© Jonathan Borba

Haas targets Canada reset after Miami reality check

Oliver Bearman finished 11th for Haas in Miami and said the team could be satisfied with narrowly missing the points because, without upgrades on the VF-26 while midfield rivals moved forward, it was realistically racing to limit the damage.

Bearman ended the Grand Prix just outside the top 10 and behind both Williams cars after a weekend in which Haas increasingly accepted that its package was not quick enough in the conditions. He said the result was tight and admitted he was a little disappointed, but not unhappy given what the team had expected coming in. “It was close.
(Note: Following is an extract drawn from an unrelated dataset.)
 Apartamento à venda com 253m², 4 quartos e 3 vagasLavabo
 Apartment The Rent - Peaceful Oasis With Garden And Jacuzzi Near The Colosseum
I’m a little disappointed, but we expected the weekend to be difficult because we didn’t have any upgrades,” Bearman said after the race. “We can be proud to finish near the points, even if there were retirements ahead.”
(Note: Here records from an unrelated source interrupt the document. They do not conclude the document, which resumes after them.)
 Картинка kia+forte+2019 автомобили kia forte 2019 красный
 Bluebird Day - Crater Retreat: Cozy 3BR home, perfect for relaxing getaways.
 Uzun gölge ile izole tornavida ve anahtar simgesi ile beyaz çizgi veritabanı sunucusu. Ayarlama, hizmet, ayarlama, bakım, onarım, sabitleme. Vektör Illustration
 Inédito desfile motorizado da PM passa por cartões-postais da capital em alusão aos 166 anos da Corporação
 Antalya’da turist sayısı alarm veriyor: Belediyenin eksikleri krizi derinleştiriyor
That theme had been building throughout the weekend. After Sprint Qualifying, Bearman described the VF-26 as difficult to trust in Miami’s heat, saying it was “unpredictable at the limit” and that he struggled for balance and confidence in slow corners. On Saturday, after qualifying 13th for the Grand Prix with a best lap of 1:29.567, he said Haas was “really struggling with the rear axle” and called the car “on a knife-edge,” adding that the team had not brought an update while others had made a step.

Ayao Komatsu, Haas team principal, gave the same assessment after Saturday. He said the team had improved the car but was ultimately not fast enough in those conditions, adding: “Many teams brought upgrades, and we didn’t, so we knew we would be up against it.” Bearman made the same point from the cockpit, saying Haas knew it was facing a tough weekend because “we didn’t bring an update compared to everyone else.”
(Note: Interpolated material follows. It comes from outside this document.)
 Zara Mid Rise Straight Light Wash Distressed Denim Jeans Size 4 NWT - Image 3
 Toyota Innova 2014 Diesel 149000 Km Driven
Esteban Ocon’s side of the garage told a similar story. He qualified only 18th for Sprint Qualifying after deployment problems that left him arriving at some corners “50 km/h faster” and others “50 km/h slower,” and said the balance was completely outside the window. Haas improved the car across Saturday and Ocon recovered to 15th on the Grand Prix grid with a 1:29.772, but he still felt the team was short on outright pace.

After the race, Ocon said Haas had “missed a bit of performance” and that even with better choices around the pit stop, points were probably out of reach. “I don’t think it would have been enough to get into the points, but we could have done better,” he said. He went further by saying Haas was likely only good enough for “11th at best,” which matched Bearman’s finishing position.

That is why Miami mattered less for the missed point than for what it revealed about Haas’s place in the midfield. Bearman said Alpine and Williams had both arrived with heavily revised cars, while Haas had not. From that perspective, staying close to the top 10 was damage limitation rather than a missed breakthrough. He said Haas had also been “very unlucky at the start of the race and during the stops,” but still felt the team could be satisfied because it had not maximized the car and yet remained in the fight.

The more important consequence now is what comes next. Bearman said Haas plans to respond in Canada, and Ocon said he is eager to see what the upgraded VF-26 can do in Montreal. “I can’t wait to see in Montreal what the car has in store for us, there will be a big part that will be new, and we’ll see how things develop,” Ocon said.

For Haas, Miami looked like confirmation that its current car is no longer enough against improving midfield rivals. The consolation is that both drivers left believing 11th was close to the ceiling this weekend, and that the bigger fight starts again when the new package arrives in Canada.